▶ [What to work on] After the line containing "Lennon Blue Umgee Print Paisley Print Detail", write nothing more; before it, reproduce every line of the material below exactly, starting with the first.

▶ [Information]

--- START ---

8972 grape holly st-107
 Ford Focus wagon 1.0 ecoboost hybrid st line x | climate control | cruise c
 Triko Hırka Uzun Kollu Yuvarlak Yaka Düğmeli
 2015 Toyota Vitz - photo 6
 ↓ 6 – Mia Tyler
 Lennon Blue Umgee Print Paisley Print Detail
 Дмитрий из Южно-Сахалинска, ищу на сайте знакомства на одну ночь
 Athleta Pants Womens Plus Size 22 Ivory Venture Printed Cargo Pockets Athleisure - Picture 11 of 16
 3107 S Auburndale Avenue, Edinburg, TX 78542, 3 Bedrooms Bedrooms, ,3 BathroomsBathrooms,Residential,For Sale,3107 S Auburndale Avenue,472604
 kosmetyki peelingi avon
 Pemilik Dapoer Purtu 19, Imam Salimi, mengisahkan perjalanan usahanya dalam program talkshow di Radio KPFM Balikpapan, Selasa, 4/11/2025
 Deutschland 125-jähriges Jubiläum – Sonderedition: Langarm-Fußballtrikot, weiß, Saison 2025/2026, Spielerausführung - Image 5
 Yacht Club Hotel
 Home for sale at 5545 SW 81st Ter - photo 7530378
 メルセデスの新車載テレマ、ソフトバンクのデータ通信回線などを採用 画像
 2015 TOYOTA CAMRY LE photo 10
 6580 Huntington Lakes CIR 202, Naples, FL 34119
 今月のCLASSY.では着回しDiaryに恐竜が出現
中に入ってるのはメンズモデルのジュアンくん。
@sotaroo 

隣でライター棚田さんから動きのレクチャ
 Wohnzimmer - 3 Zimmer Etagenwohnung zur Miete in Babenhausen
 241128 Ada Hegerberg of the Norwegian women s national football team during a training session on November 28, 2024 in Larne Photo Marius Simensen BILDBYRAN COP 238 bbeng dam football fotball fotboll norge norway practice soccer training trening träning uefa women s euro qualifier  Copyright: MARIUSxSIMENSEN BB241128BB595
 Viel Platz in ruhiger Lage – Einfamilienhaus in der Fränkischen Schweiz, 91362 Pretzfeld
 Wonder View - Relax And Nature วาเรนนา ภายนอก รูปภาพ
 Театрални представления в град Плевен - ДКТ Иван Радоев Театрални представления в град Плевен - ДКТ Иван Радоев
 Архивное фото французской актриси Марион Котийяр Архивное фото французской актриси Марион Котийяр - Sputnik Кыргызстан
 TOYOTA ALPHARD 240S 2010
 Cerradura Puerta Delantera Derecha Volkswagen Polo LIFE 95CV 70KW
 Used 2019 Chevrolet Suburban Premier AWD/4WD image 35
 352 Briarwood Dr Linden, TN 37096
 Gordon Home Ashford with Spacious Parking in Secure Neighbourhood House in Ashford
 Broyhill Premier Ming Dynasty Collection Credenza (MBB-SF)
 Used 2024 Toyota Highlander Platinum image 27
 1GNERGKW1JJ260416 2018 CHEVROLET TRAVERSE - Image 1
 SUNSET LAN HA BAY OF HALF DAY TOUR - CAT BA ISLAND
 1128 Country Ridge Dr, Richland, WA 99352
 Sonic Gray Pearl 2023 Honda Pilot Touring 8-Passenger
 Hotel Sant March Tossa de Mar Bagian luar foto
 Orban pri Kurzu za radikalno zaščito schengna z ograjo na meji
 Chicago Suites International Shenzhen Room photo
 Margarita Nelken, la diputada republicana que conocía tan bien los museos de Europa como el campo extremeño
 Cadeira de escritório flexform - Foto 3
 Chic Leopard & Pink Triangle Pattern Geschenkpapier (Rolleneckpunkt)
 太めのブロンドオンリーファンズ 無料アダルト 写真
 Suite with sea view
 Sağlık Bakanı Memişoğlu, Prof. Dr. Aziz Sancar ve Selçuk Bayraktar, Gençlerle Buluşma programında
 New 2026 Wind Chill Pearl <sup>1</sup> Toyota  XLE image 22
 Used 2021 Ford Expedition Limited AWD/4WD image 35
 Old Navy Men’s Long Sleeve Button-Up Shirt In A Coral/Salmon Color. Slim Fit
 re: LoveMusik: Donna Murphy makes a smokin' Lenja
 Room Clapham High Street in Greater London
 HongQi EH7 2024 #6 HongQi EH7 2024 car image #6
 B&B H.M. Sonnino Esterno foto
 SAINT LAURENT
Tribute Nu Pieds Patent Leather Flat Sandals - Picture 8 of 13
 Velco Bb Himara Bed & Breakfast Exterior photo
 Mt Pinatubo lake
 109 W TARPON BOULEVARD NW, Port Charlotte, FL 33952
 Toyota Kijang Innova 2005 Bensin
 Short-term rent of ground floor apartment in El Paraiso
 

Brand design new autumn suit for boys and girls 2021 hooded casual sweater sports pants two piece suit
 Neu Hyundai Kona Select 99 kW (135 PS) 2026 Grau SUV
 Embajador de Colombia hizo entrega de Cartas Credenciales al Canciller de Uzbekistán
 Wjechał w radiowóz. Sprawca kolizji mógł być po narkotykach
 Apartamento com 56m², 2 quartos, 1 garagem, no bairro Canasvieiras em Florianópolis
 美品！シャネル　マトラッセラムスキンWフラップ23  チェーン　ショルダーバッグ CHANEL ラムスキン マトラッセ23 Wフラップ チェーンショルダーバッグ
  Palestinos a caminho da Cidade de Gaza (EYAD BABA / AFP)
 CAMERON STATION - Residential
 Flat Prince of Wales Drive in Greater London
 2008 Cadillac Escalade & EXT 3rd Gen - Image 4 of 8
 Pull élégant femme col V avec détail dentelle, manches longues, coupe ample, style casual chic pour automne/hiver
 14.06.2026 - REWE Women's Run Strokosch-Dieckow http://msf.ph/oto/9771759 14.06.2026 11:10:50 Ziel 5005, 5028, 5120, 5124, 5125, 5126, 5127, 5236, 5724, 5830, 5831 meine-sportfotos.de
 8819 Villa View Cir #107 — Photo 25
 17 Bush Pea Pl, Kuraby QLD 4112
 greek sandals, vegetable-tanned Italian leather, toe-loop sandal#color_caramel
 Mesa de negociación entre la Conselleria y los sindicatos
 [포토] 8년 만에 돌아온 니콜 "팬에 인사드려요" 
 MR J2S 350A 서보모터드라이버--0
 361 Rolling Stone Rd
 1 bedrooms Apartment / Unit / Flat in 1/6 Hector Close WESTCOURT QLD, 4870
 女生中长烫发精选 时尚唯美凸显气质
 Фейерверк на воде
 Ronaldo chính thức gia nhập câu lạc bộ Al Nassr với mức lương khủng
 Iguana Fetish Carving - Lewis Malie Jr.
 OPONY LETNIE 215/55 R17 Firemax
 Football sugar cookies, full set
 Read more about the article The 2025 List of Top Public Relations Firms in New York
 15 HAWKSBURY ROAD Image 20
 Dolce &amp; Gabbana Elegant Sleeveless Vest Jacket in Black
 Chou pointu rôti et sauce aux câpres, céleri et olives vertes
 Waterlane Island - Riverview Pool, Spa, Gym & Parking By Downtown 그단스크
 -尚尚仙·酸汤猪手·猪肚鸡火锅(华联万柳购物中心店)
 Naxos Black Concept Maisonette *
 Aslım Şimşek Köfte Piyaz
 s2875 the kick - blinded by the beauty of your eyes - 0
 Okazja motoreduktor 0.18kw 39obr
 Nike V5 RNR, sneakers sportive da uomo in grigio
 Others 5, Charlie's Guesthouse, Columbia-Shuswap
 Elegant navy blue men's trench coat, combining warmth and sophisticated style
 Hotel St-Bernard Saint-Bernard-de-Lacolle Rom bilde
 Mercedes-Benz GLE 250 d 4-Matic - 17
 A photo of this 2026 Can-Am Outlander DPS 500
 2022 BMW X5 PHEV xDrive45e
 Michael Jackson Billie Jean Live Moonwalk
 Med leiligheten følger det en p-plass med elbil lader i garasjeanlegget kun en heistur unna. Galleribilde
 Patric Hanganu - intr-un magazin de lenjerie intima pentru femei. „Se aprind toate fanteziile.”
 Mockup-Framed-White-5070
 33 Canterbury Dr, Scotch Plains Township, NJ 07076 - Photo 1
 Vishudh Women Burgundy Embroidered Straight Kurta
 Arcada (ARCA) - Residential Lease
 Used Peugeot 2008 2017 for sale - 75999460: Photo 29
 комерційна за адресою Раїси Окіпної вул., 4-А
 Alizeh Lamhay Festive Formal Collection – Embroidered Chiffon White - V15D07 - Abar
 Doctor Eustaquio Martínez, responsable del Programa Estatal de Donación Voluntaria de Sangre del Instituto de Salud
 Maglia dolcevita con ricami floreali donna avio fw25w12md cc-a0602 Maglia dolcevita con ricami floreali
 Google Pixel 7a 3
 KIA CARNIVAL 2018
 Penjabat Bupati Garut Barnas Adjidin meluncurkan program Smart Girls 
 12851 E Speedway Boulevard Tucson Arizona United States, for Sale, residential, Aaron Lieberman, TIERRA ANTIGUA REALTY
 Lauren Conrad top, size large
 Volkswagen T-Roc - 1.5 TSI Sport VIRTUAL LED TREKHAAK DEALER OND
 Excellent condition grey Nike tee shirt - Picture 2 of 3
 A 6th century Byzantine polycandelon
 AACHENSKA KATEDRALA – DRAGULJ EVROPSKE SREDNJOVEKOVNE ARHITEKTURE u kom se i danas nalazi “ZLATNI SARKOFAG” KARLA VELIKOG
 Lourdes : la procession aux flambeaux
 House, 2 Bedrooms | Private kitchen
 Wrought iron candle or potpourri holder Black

--- END ---

▶ [Answer below]
8972 grape holly st-107
 Ford Focus wagon 1.0 ecoboost hybrid st line x | climate control | cruise c
 Triko Hırka Uzun Kollu Yuvarlak Yaka Düğmeli
 2015 Toyota Vitz - photo 6
 ↓ 6 – Mia Tyler
 Lennon Blue Umgee Print Paisley Print Detail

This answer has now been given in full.